Na MONTAGEM 2 faço de conta que nas FOTOS 2 e 3 se via a linha da praia da Polana e imagino como ela se enquadraria no espaço do rectângulo marcado a púrpura da FOTO 1, a sul da Praça 7 de Março:

MONTAGEM 2 (clique para aumentar)
Rosa no postal da esquerda: supostamente marca ao centro dos carris de via férrea
Rosa na foto da direita (grosso): secção da via férrea para a praia da Polana
que seria equivalente à do postal à esquerda
Rosa na foto da direita (fino): o que seria a continuação lógica
da secção visível no postal em direcção à Rua de NS da Conceição
Tal linha que viria de dentro do recinto do porto e saíria dele pouco antes da Praceta de António Enes, com a curva vista em cima teria de seguir para o lado nascente = leste da Praceta e da Praça, passando aí a poente = oeste do edifício Capitania Building.
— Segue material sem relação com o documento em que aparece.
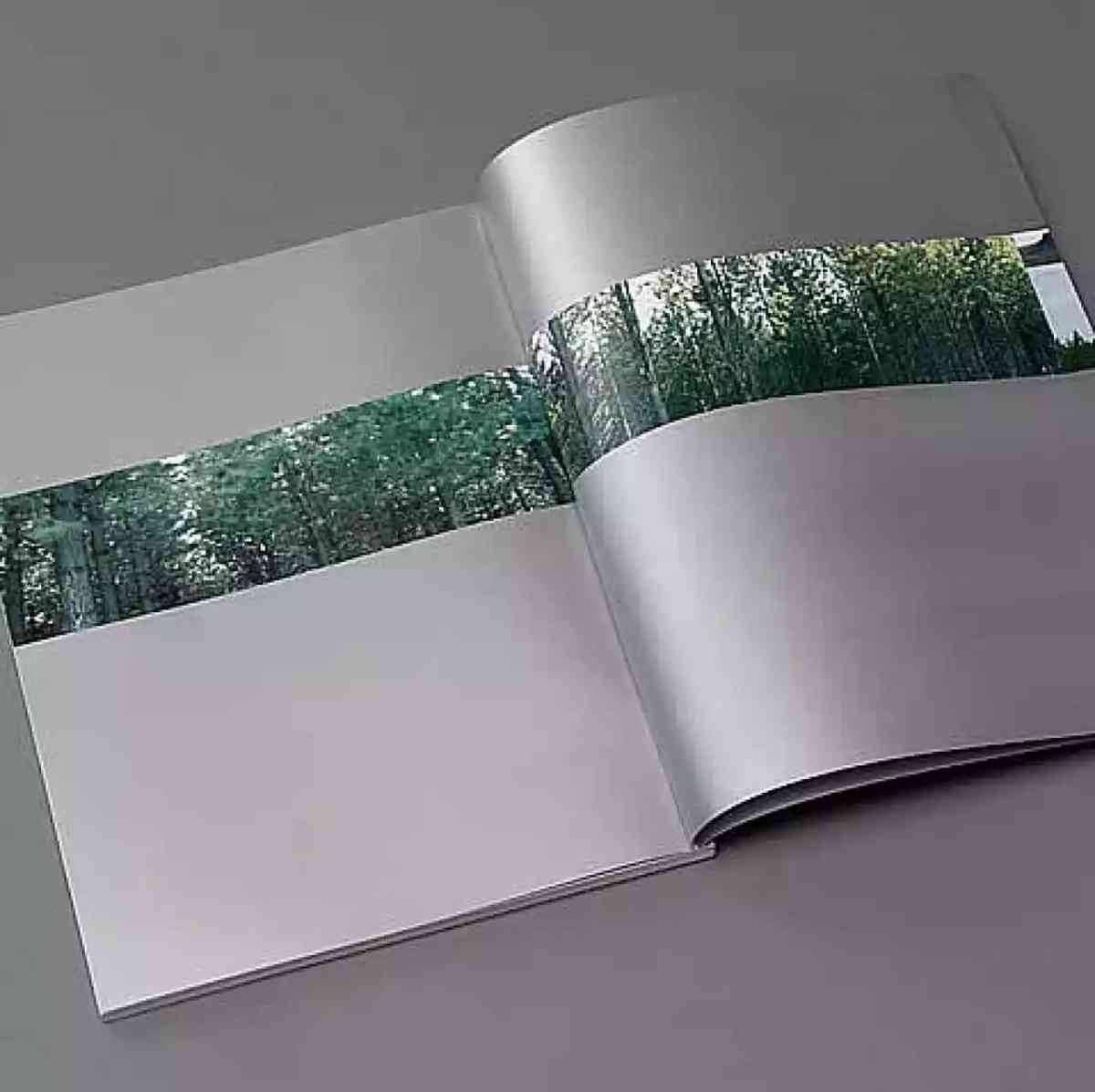 Ilustración para el artículo Publicaciones institucionales de YPF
Esse traçado que marquei a rosa na MONTAGEM 2 seria mínimamente compatível com a subsequente entrada da linha da praia da Polana na Rua de NS da Conceição. Óbviamente que as duas curvas da linha nesse espaço não teriam grande raio mas o local estava já bastante ocupado em 1911. Mas como aconteceria para a modificação da curva à entrada na Rua da Imprensa isso não devia ser problema grave pois as composições para a praia teriam só uma ou duas carruagens e seria de esperar que circulassem a baixa velocidade. 
Noto que terá havido mais liberdade de escolha para o traçado da possível linha das obras do porto do que para a da praia da Polana. Por exemplo os kiosks Garnier ou o Pyramid podem ter sido construídos depois do seu desmantelamento onde ela tinha passado, forçando a linha da praia da Polana a rodear a Praça 7 de Março em vez de a cruzar (noto que alterações de traçado teria havido certamente entre as duas linhas pois penso que em 1897 o espaço onde veio a ficar a praceta de António Enes não estava ainda aterrado). Podendo cruzar a Praça a primeira linha podia aproximar-se da Rua NS da Conceição já alinhada com ela (chegando da direcção da Rua Araújo) o que evitava as curvas que vimos na MONTAGEM 2. Problema quanto a esta possibilidade, para além das fotos de Alexandre Lobato que a mostram serem pouco nítidas e só da saída da Praça, é não conhecer mais fotos do final do século XIX (19) mostrando uma via férrea que pudesse ter correspondido à da linha das obras do porto atravessando a Praça.

Resumindo, para as linhas férreas ligando a estação de caminhos de ferro ao centro-sul da Baixa da cidade a melhor (única?) hipótese era pelo recinto do porto e depois a passagem pela Praça 7 de Março até encontrar a Rua de NS da Conceição por onde seguiria para oriente, mas não consegui comprovar essa passagem com fotos. Para o caso da possível linha das obras do porto podemos justificá-lo pela falta de fotos nítidas dessa altura. Mas para a linha da praia da Polana que funcionou de 1911 a 1922, havendo pelo menos três fotos desse período de actividade (das quais uma parecia "boa" mas não se coadunava com as outras duas) e não se conseguindo provar com elas que a linha tenha passado pela Praça, sou levado a concluir que a hipótese não deve ser válida, o que deixa um vazio sobre o tema.